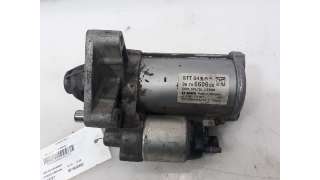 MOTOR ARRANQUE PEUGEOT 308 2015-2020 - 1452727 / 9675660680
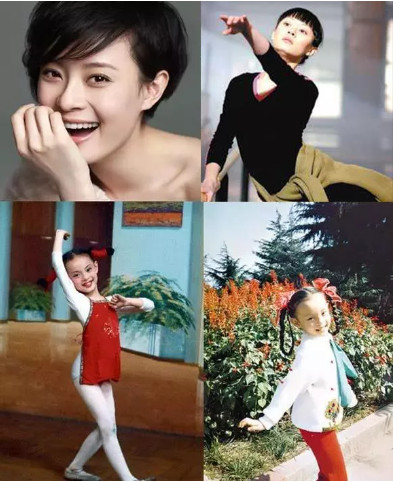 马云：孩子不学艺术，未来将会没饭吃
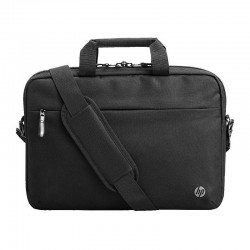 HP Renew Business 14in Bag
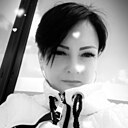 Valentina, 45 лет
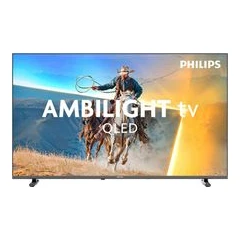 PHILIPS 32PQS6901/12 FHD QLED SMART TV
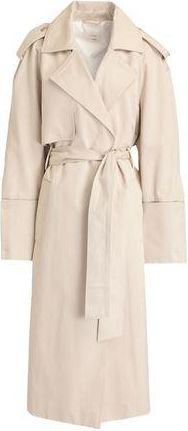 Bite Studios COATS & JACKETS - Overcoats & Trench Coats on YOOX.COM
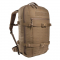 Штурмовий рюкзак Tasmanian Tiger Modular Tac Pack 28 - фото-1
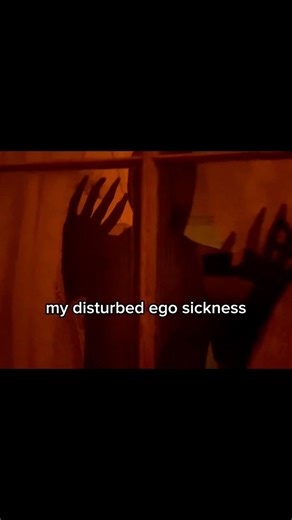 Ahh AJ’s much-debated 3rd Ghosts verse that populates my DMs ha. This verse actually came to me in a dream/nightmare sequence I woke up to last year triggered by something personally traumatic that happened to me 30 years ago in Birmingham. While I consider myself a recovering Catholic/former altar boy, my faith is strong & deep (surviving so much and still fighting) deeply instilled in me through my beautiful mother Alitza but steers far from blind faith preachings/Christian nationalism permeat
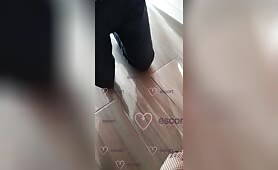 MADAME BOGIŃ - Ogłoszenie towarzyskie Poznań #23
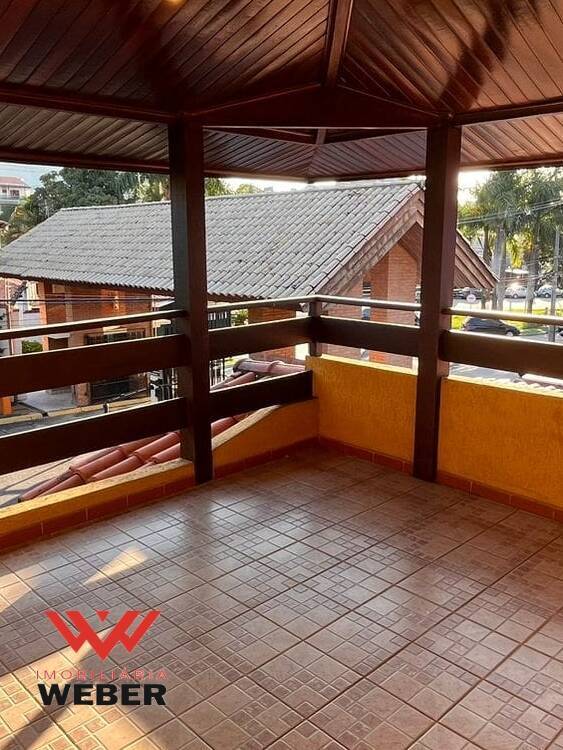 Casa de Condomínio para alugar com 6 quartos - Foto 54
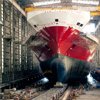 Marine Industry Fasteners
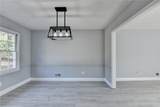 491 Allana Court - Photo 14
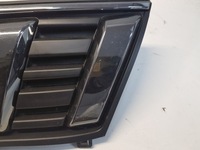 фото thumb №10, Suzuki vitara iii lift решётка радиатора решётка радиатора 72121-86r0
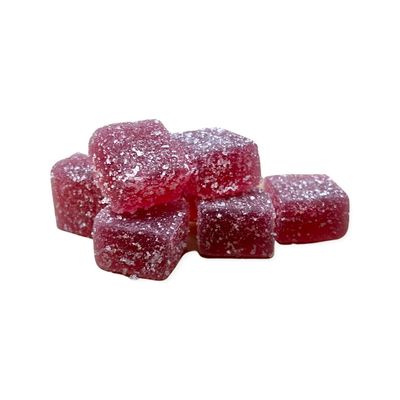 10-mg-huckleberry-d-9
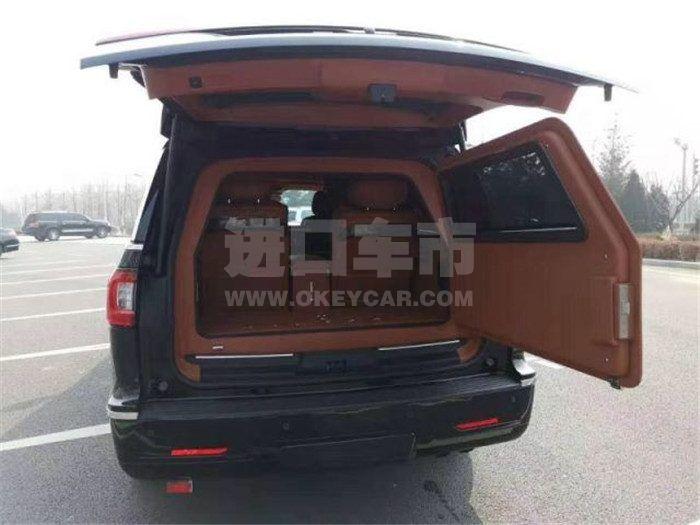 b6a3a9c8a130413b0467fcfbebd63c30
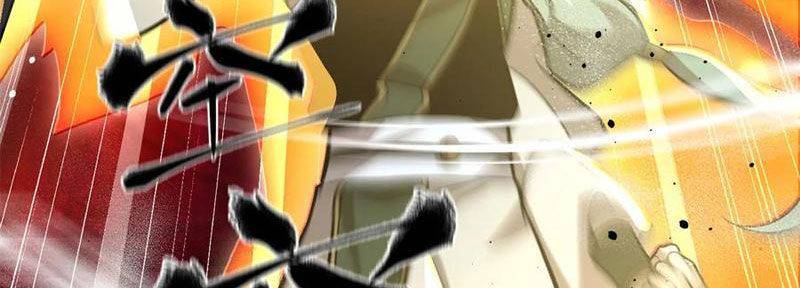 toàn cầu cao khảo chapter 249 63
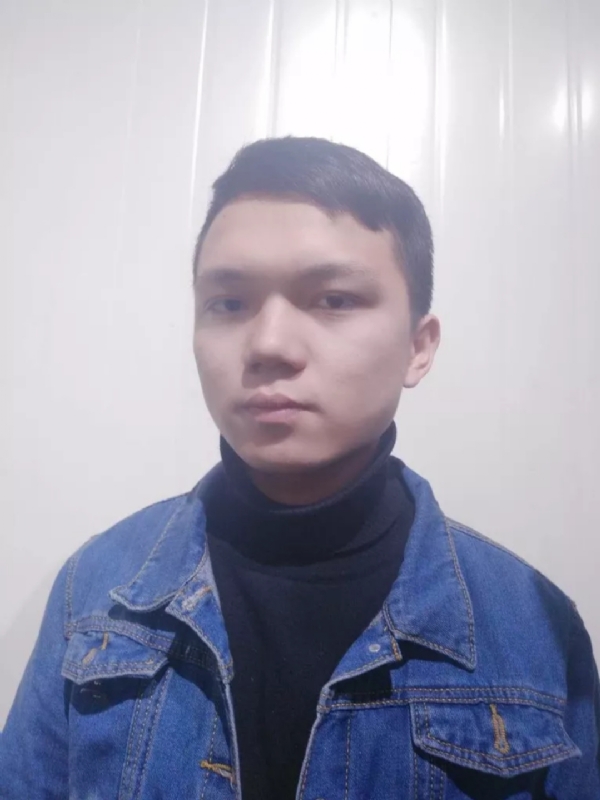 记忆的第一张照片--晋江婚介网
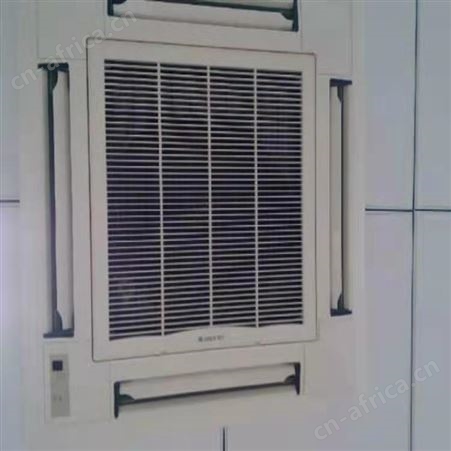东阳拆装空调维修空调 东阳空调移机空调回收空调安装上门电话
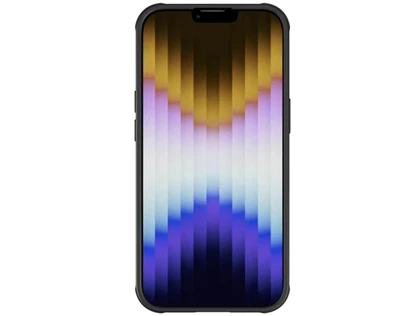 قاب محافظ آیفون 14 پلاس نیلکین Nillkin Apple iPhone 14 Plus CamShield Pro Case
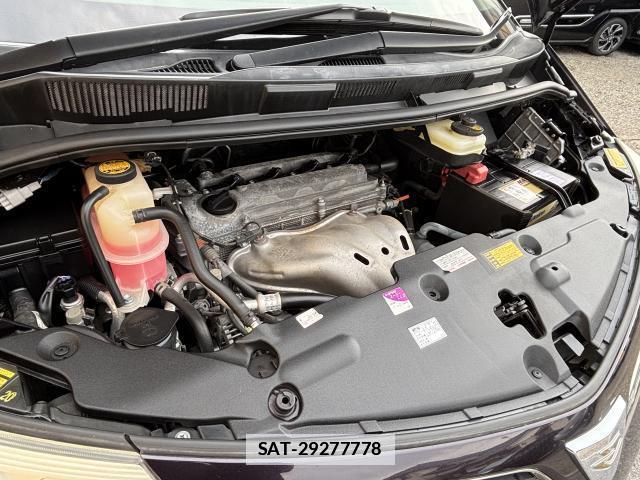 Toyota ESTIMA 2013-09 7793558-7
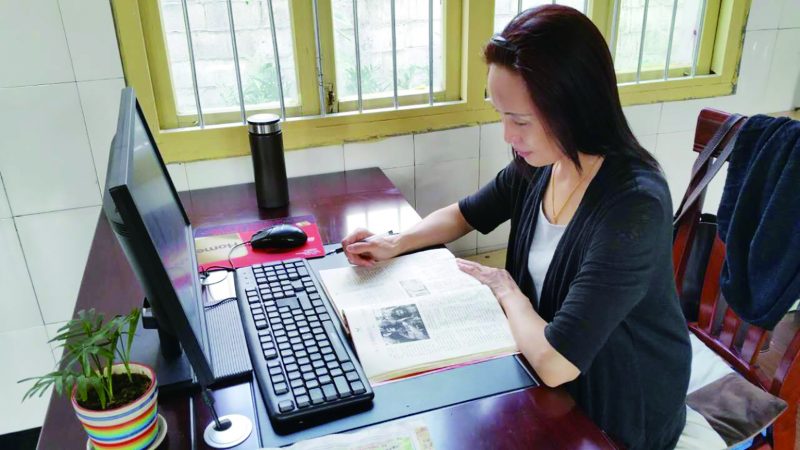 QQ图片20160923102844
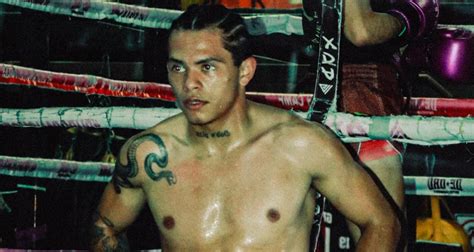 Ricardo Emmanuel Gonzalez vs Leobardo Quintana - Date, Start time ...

::::

• [ABOUT THIS EXERCISE]: What is needed is an exact transcription of the lines from the one containing "b6a3a9c8a130413b0467fcfbebd63c30" through the last line of the records above, both included, with no pictures.

• [SOLUTION]:
 b6a3a9c8a130413b0467fcfbebd63c30
 toàn cầu cao khảo chapter 249 63
 记忆的第一张照片--晋江婚介网
东阳拆装空调维修空调 东阳空调移机空调回收空调安装上门电话
 قاب محافظ آیفون 14 پلاس نیلکین Nillkin Apple iPhone 14 Plus CamShield Pro Case
 Toyota ESTIMA 2013-09 7793558-7
 QQ图片20160923102844
 Ricardo Emmanuel Gonzalez vs Leobardo Quintana - Date, Start time ...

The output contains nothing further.